The Goldman Sachs guide to tier one banks (& their alternatives)
What constitutes a top tier bank these days? As we've noted before, it's not as simple as it was in the days when people still referred to the "bulge bracket", or when financial information provider Coalition helpfully published a regular ranking of top players in banking by product area.
However, it is still possible to get a firm view of tier one banks. Presuming that Goldman Sachs is unquestionably part of the top tier, Goldman's judgement on its peer group is probably a fair indication of the other banks in this category.
Goldman lists its peers in its proxy statement. When GS sets its compensation, it says it refers to other banks in its peer group. In the U.S., it says its peers are: Bank of America, Citigroup, JPMorgan, Morgan Stanley (all members of the historic U.S. bulge bracket), plus Wells Fargo and BNY Mellon. In Europe, Goldman says its peer group are: Barclays, Credit Suisse, Deutsche and UBS.
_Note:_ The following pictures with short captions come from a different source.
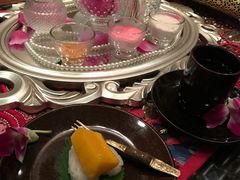 -莲泰式·中式·沐足·精油SPA采耳(天河店)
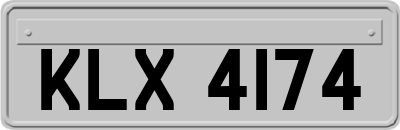 KLX4174
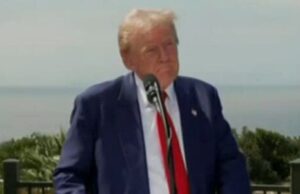 Trump Implodes In LA And Incites More Domestic Terrorism Against Springfield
"Our compensation committee believes that these peers appropriately and comprehensively reflect those firms that have a major presence across our collection of scaled businesses (including market-making, investment banking and asset and wealth management)," says Goldman's recently issued proxy statement. These peers are also deemed to have similar regulatory requirements.
BNY Mellon and Wells Fargo weren't on Goldman's list of its peers in 2020. It's not clear why they appeared in 2021, but their presence might have something to do with Goldman's growing focus on transaction banking, wealth management and retail clients.
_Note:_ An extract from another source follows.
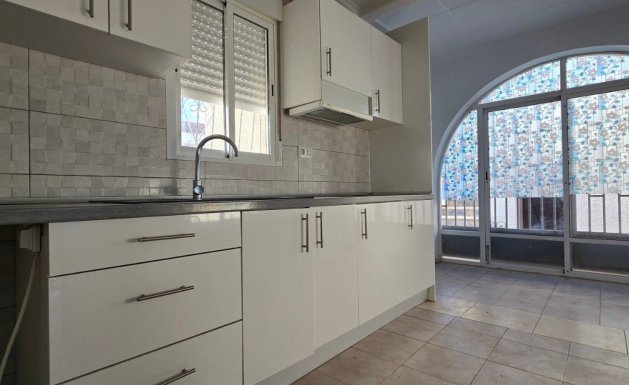 Resale - Detached House / Villa - Torrevieja - El Chaparal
Who's not on the list? HSBC is a notable absence. There's no sign of the French banks, BNP Paribas and SocGen. Jefferies isn't seen as a competitor. Nor are the Asia banks like Nomura and Mizuho.
The other names that are missing are those of the leading electronic trading firms that are increasingly eating both Goldman Sachs' and other banks' lunch. Citadel Securities, for example, made $7bn in revenues last year, which doesn't put it on a par with Goldman's $16.3bn of market making revenues, but does mean it's more than merely inconsequential - particularly as it allegedly revels in poaching Goldman employees (although Citadel Securities denies this). Jane Street, Virtu, Getco, Jump Trading and others are also biting at Goldman's heels.
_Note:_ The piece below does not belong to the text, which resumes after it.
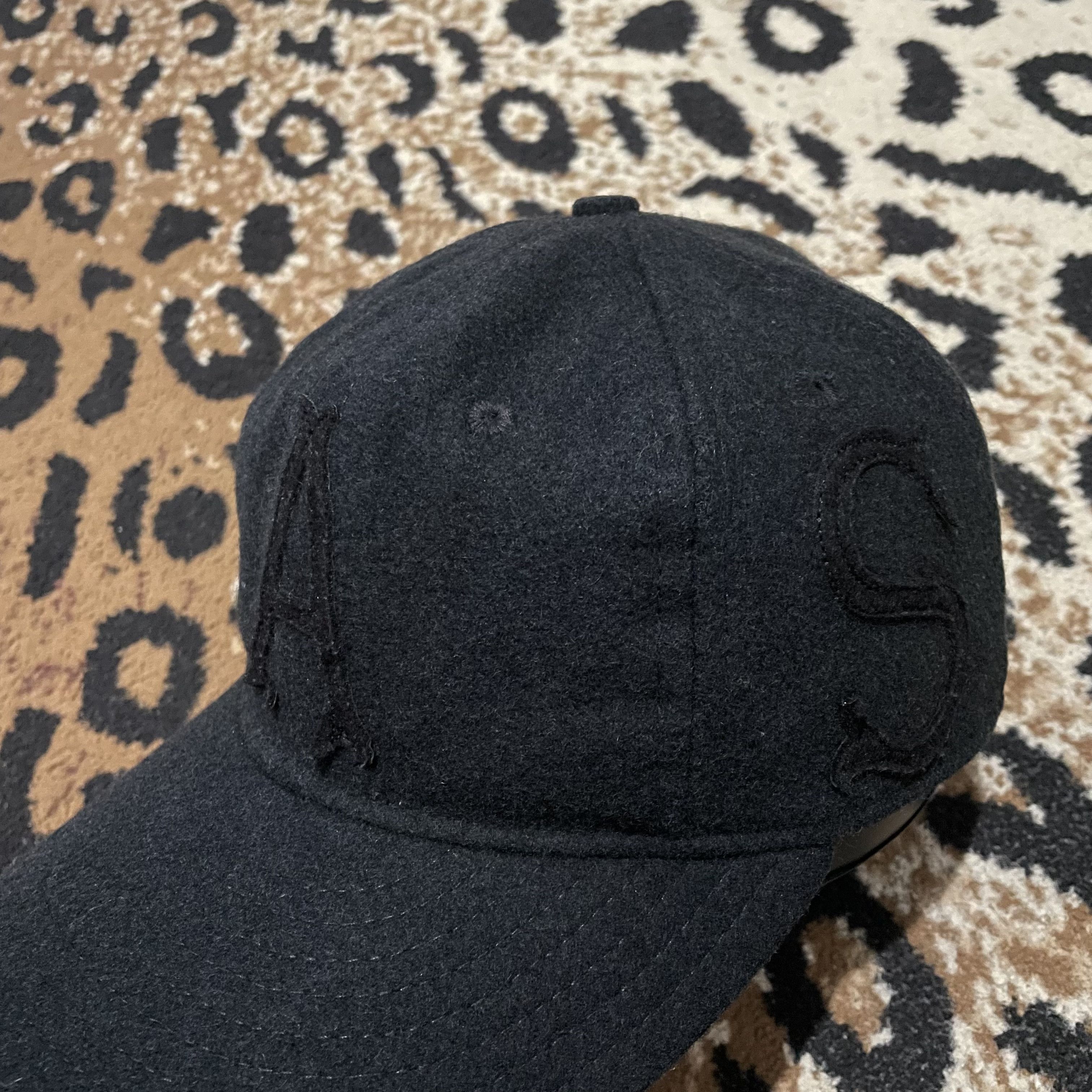 Bape × Ebbets Field Flannels Bape x Ebbets Field Flannels Fitted Hats Size ONE SIZE - 2 Thumbnail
Without naming names, Goldman acknowledges the competitive pressure from electronic trading firms in its new proxy statement. "Some of these alternative trading systems compete with us, particularly our exchange-based market-making activities, and we may experience continued competitive pressures in these and other areas," it says. Goldman then notes that although it's already invested and is still investing "significant resources" into electronic trading, "there is no assurance that the revenues generated by these systems will yield an adequate return, particularly given the generally lower commissions arising from electronic trades."
Unfortunately, rival banks and electronic traders aren't alone in competing with Goldman for talent. The proxy statement says Goldman also experiences "intense" competition from, "businesses outside the financial services industry, including the technology industry," especially when it's hiring for consumer-oriented and technology jobs.